The Malvern Theatres provide an excellent venue for listening to Elgar, or perhaps doing something entertaining instead. The complex has a theatre (well established on the touring circuit), a cinema, and the main auditorium known as "The Forum", in which various events are held.
The Malvern Theatres used to be known as "The Winter Gardens", but was renamed following a major renovation and face-lift. The renaming caused quite a controversy at the time, mainly amongst those who remember the original being built in 1885.
Look out for the interesting clepsydra in the upper bar area. It's a water clock, by the way.
These cars have (until recently) been stuck in a time warp. They are classic sports cars, hand-built with a wooden chassis. There used to be a long waiting list to buy a Morgan (7 or 8 years), mainly due to the antiquated production methods (they couldn’t grow the trees fast enough, or something). Things have improved in recent years. They have a website.
QinetiQ (formerly The Defence Research and Evaluation Agency, DERA, and before that DRA, RSRE, RRE and TRE) has one of its main sites in Malvern, originally employing over 2,500 people. It conducts research in a wide number of areas, and in the past has pioneered the development of well known inventions such as thermal imaging and the LCD. It was also involved in pioneering research into the silicon chip. It was the first UK site to be connected to the network that eventually evolved into the Internet. QinetiQ has a website too.
QinetiQ was controversially privatised well over a decade ago, having previously been part of the UK Ministry of Defence, and floated on the London Stock Market. Alas, the amount of research-based income continues to decline, and the company was focused for too long on buying US defense (sic) companies, taking on lots of debt in the process. The number of employees in Malvern is now nearer 500 than 1000, and some other UK sites have been closed completely or sold off.
Many ex-QinetiQ employees are still employed in Malvern, which now has a number of thriving small high-tech businesses, in what is now being called the Malvern "cyber valley".
There are several private schools in Malvern. These are confusing also known as "public schools" in the UK. The two most notable of these are locally referred to as "The Boys College" and "The Girls College". Both of these fine educational establishments have magnificent buildings. The Girls College is located in the old Imperial Hotel; an enormous hotel during the Victorian era, when Malvern was a popular spa resort. Some years ago it merged with "St. James & The Abbey" school, and its real name is now "Malvern St. James". The Boys College, Malvern College to give it its proper name, is now confusingly co-educational (it allows girls in).
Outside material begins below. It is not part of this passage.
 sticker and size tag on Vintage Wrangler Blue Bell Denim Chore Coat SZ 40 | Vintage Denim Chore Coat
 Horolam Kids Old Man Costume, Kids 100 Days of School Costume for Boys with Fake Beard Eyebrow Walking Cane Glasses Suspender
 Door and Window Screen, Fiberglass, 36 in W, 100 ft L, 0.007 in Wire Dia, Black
Both of these schools charge approximately £30,000 per annum for full boarding, last time I checked, with plenty of opportunities for extra-curricular expenditure. However, you're pretty much guaranteed an affluent life after being educated at a place like this, so it's well worth the money.
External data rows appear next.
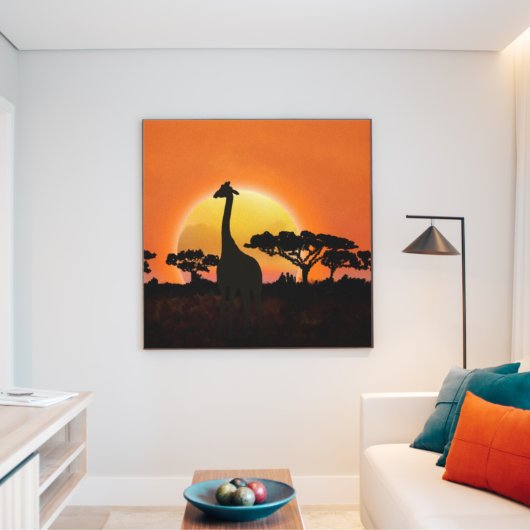 Verbazingwekkende zonsondergang op de Serengeti ft Canvas Afdruk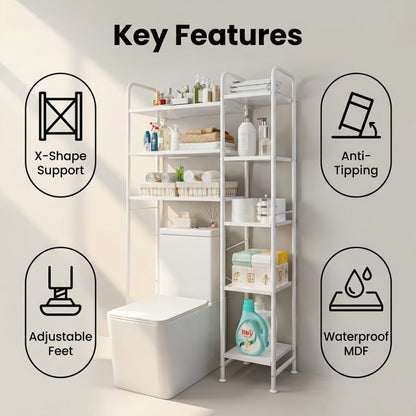 Over the Toilet Storage Shelf shown in the Black option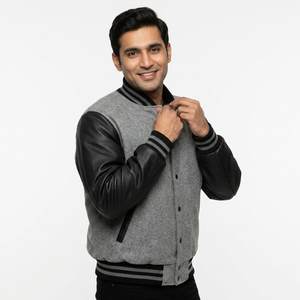 <b>Men's</b> College Streetwear Varsity <b>Jacket</b> Single Button Detachable <b>Baseball</b> Collar Breathable CollegeBaseballjacket <b>for</b> <b>men</b> - Product Image 1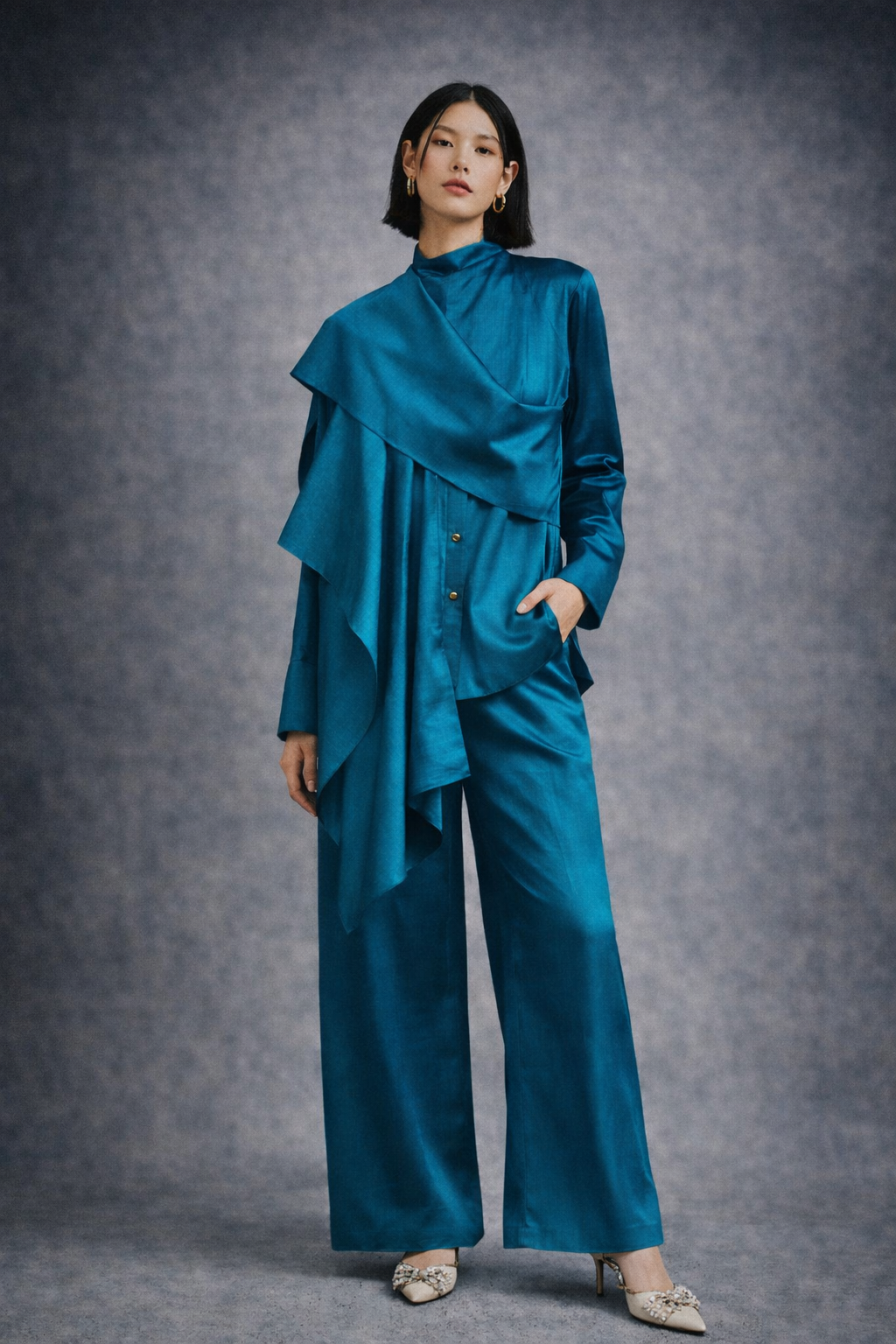 Teal Draped Co-ord Set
Malvern is arguably the "Charity Shop Capital of the West", boasting a wide range of outlets selling second-hand stuff. They nicely complement the collection of formulaic national retailers located in the ever-expanding and inconveniently located retail park. We are now a town with two Costas.
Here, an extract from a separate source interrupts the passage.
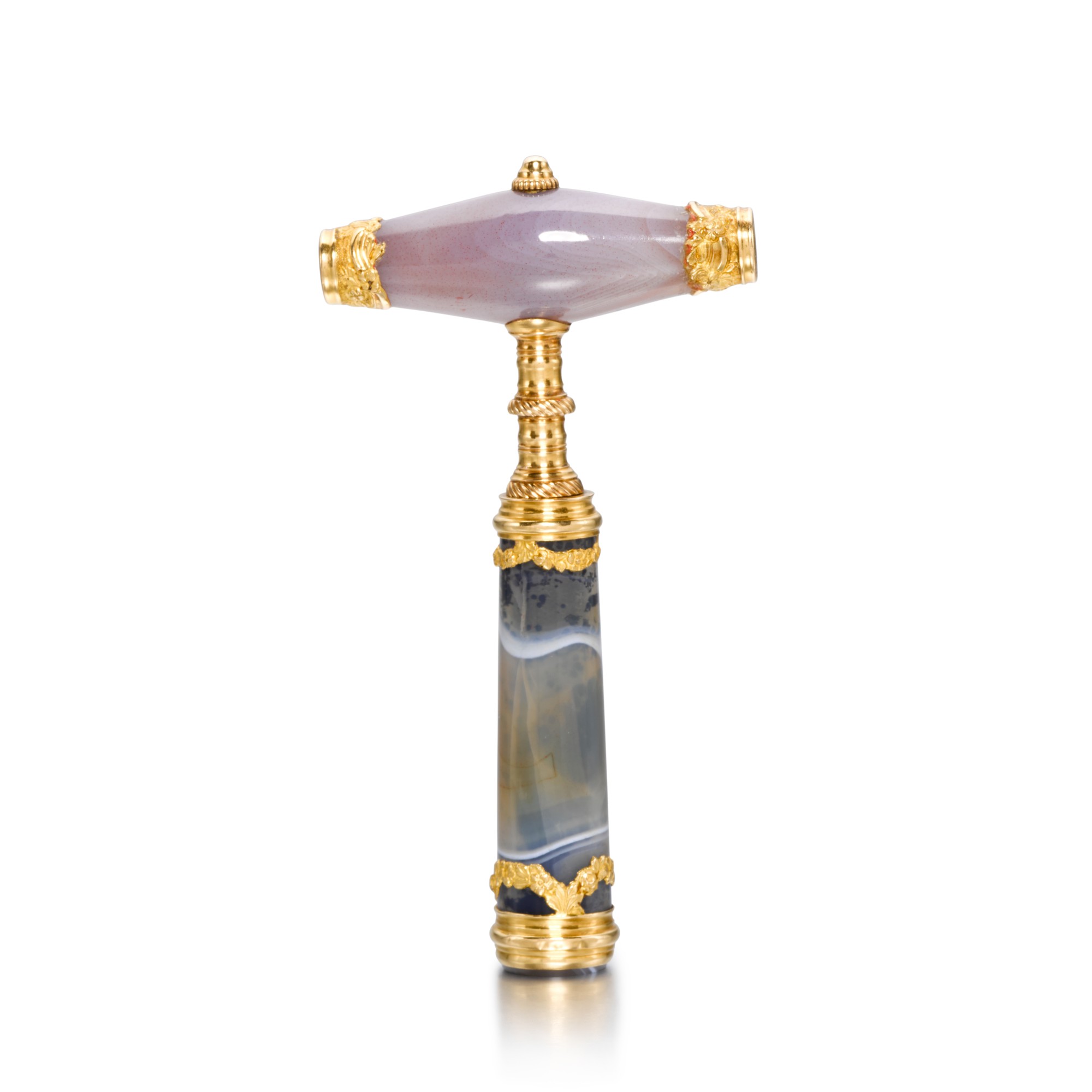 An unusual goldmounted hardstone corkscrew/seal, London, circa 1765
Fortunately, there are some excellent specialist shops too, including a great Indian restaurant (The Anupam), and literally one of the best pubs in the country (The Nag's Head). My local is The Great Malvern Hotel, which serves good beer, great food and has live music several nights a week. The Belle Vue Terrace area, at the top of Church Street, includes some nice shops such as Iapetus and a couple of chain pseudo-Italian restaurants (or you could go to Peppe's or The Fig Tree, which are much nicer). Malvern has a Weatherspoons for those who like their beer cheap and plentiful. Sadly, there are few of the original town-centre style of shop remaining.